| WHAT THE EXERCISE ASKS |
Only the pictures are to be left out; write out the rest of the data exactly.

| TASK DATA |

=====

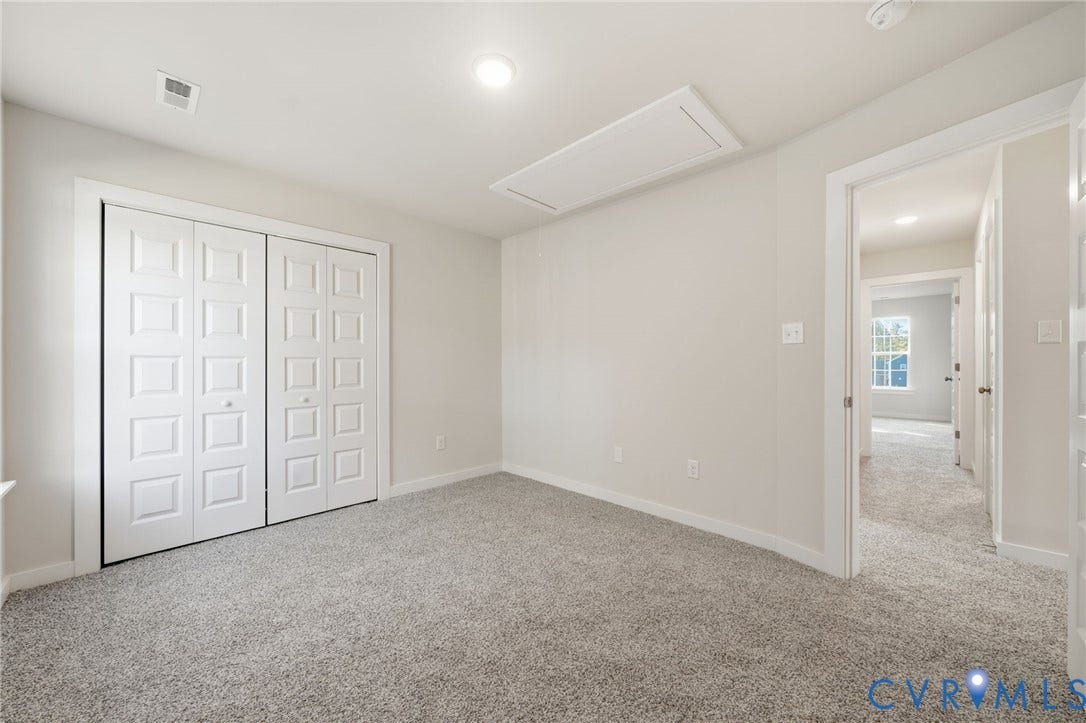 8209 Grantham Woods Way, Grantham Woods, Henrico, VA 23231 Neutral interior featuring plush wall-to-wall carpeting, recessed ceiling lighting, and a double-door closet with square-paneled detailing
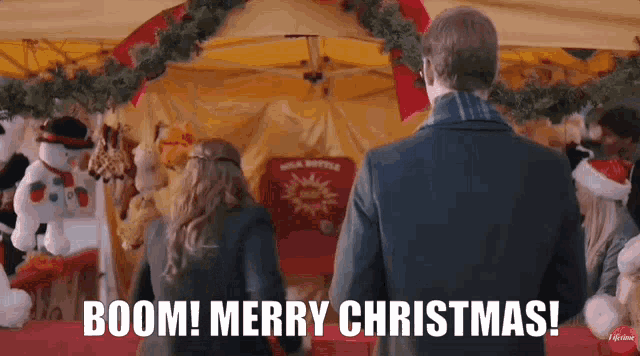 a man and a woman are standing in front of a tent with the words boom merry christmas written on it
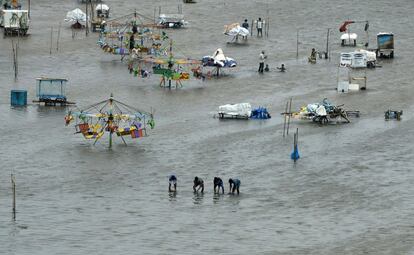 Gente caminando por un área inundada de Marina Beach, en la bahía de Bengal, después de las fuertes tormentas que han azotado Chennai (India).
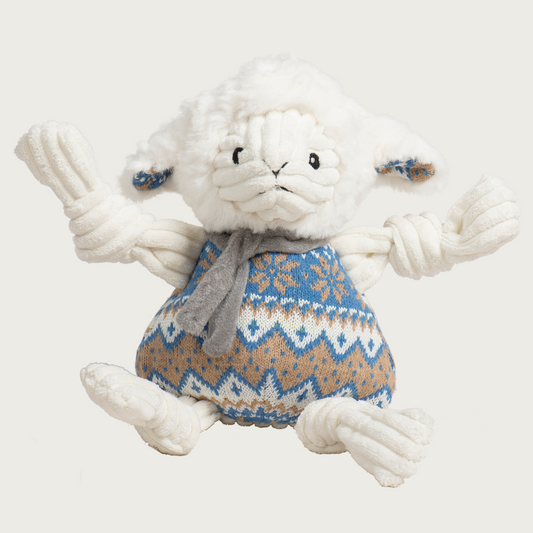 Cream colored lamb dog toy with corduroy knotted limbs and a blue, cream & tan knit on its body, resembling a Nordic print. It's also wearing a gray scarf.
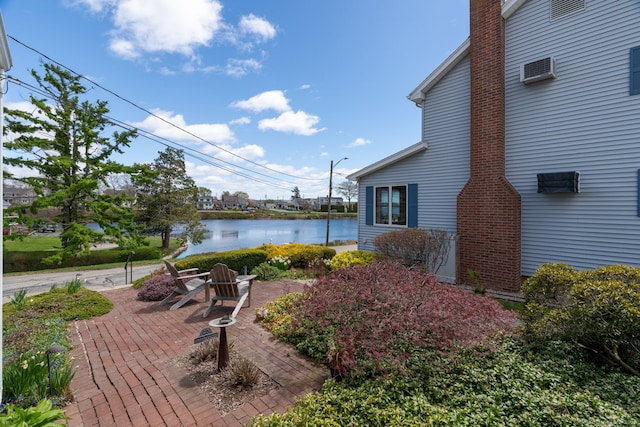 view of yard featuring a water view and a patio area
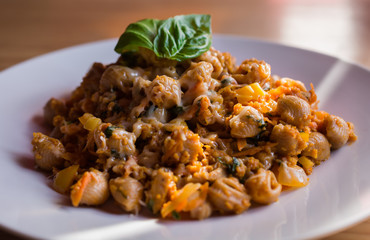 Italian Tasty Cheesy Vegetarian Pasta with Soybean Ragu Vegetables Sauce and Basil Garnish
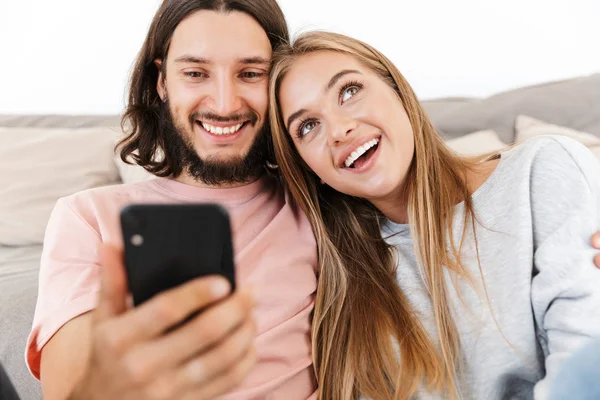 Loving couple on sofa indoors at home using mobile phone. — Stock Photo, Image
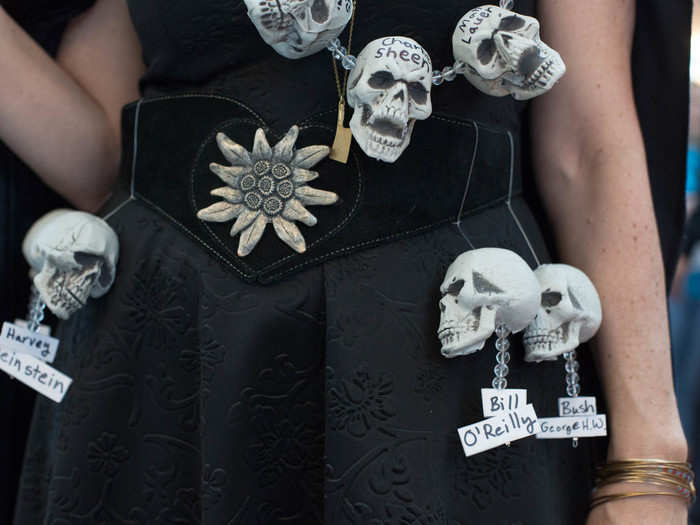 A necklace of skulls represented the male icons swept up in the "Me Too" movement.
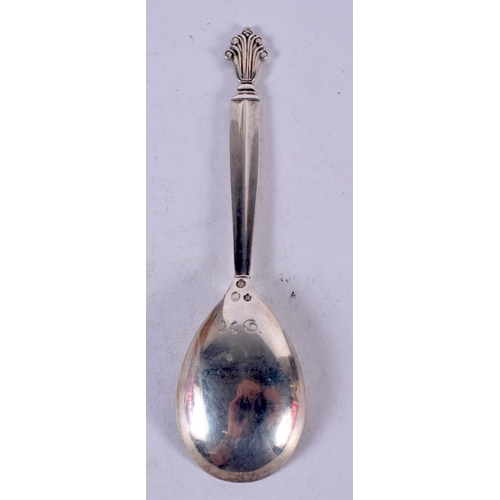 1333 - A GEORG JENSEN SILVER SPOON. 34 grams. 15cm x 4 cm.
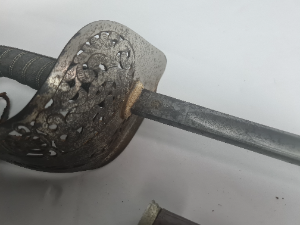 Discover our authentic 1897 George V Officers Dress Sword by T.G Phillips. Sourced straight from Dublin, it comes complete with a scabbard. Buy now.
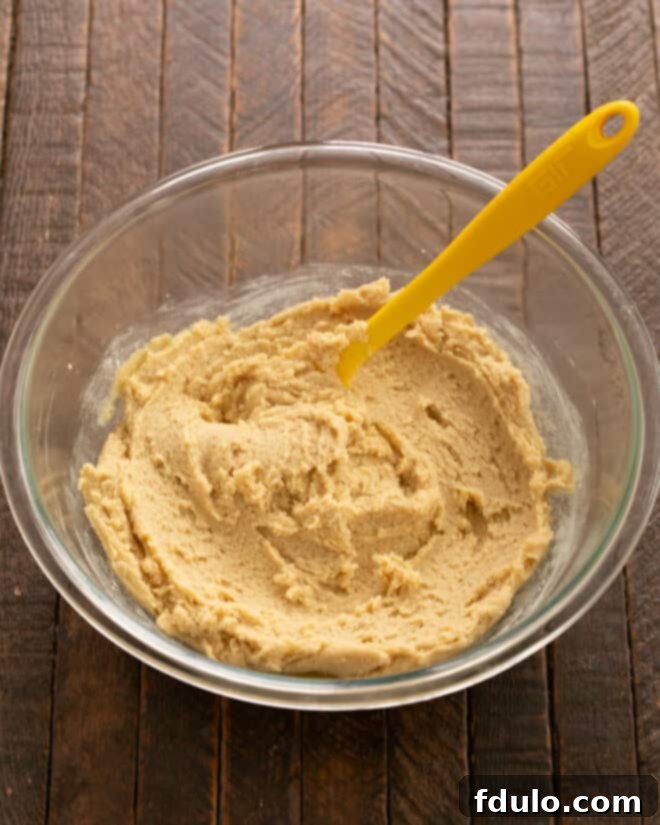 Hearty Cowboy Cookies: The Recipe You Need 5 Step 3: Gradually incorporating the dry flour mixture into the wet ingredients.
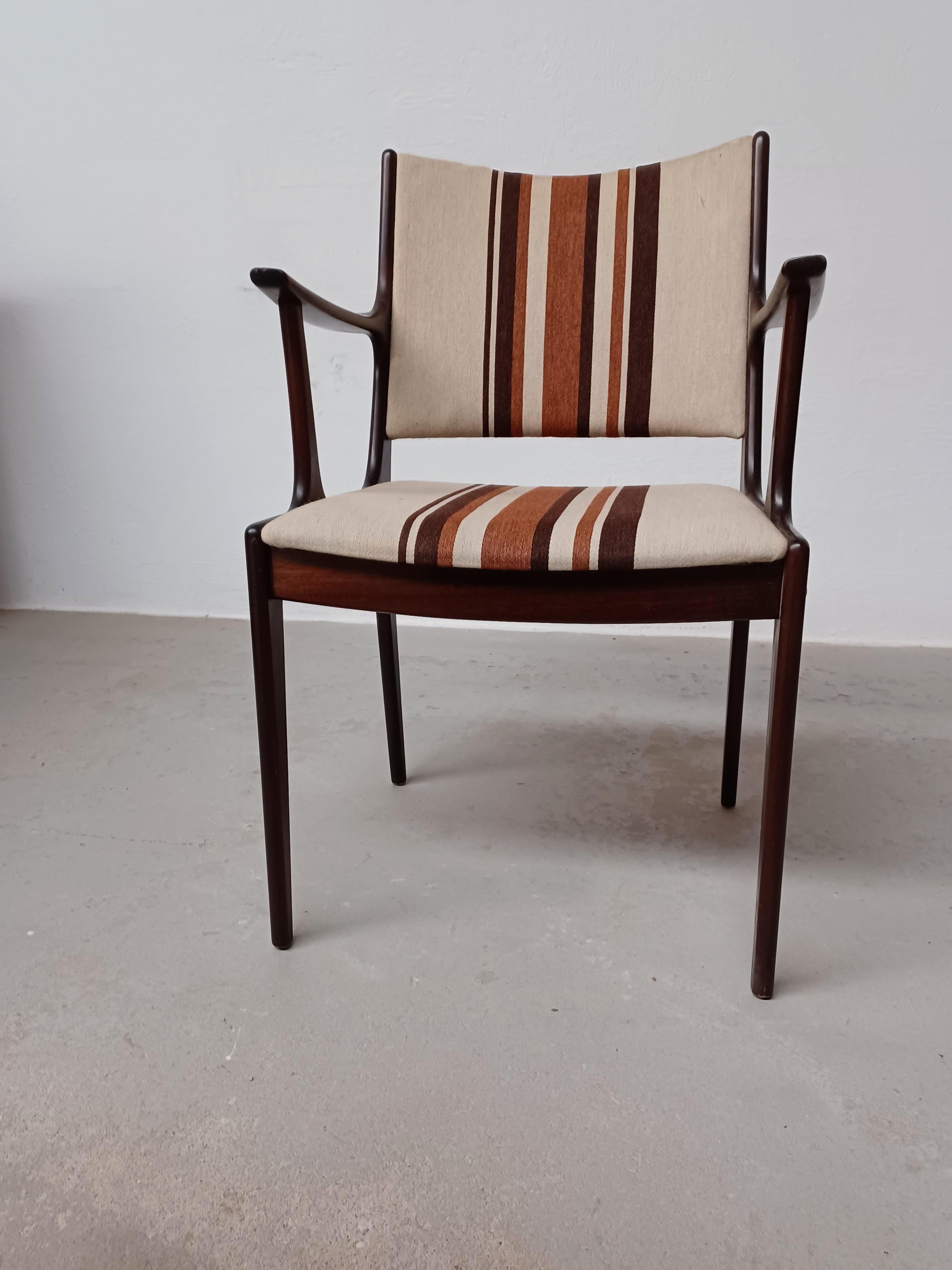 Fully restored Johannes Andersen mahogany armchairs custom reupholstery included

The armchairs feature a clean simple yet elegant design that will fit in well in most houses. 

The chairs have been fully restored and refinished by our cabinetmaker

=====

| PROBLEM SOLUTION |
 8209 Grantham Woods Way, Grantham Woods, Henrico, VA 23231 Neutral interior featuring plush wall-to-wall carpeting, recessed ceiling lighting, and a double-door closet with square-paneled detailing
 a man and a woman are standing in front of a tent with the words boom merry christmas written on it
 Gente caminando por un área inundada de Marina Beach, en la bahía de Bengal, después de las fuertes tormentas que han azotado Chennai (India).
 Cream colored lamb dog toy with corduroy knotted limbs and a blue, cream & tan knit on its body, resembling a Nordic print. It's also wearing a gray scarf.
 view of yard featuring a water view and a patio area
 Italian Tasty Cheesy Vegetarian Pasta with Soybean Ragu Vegetables Sauce and Basil Garnish
 Loving couple on sofa indoors at home using mobile phone. — Stock Photo, Image
 A necklace of skulls represented the male icons swept up in the "Me Too" movement.
 1333 - A GEORG JENSEN SILVER SPOON. 34 grams. 15cm x 4 cm.
 Discover our authentic 1897 George V Officers Dress Sword by T.G Phillips. Sourced straight from Dublin, it comes complete with a scabbard. Buy now.
 Hearty Cowboy Cookies: The Recipe You Need 5 Step 3: Gradually incorporating the dry flour mixture into the wet ingredients.
 Fully restored Johannes Andersen mahogany armchairs custom reupholstery included

The armchairs feature a clean simple yet elegant design that will fit in well in most houses. 

The chairs have been fully restored and refinished by our cabinetmaker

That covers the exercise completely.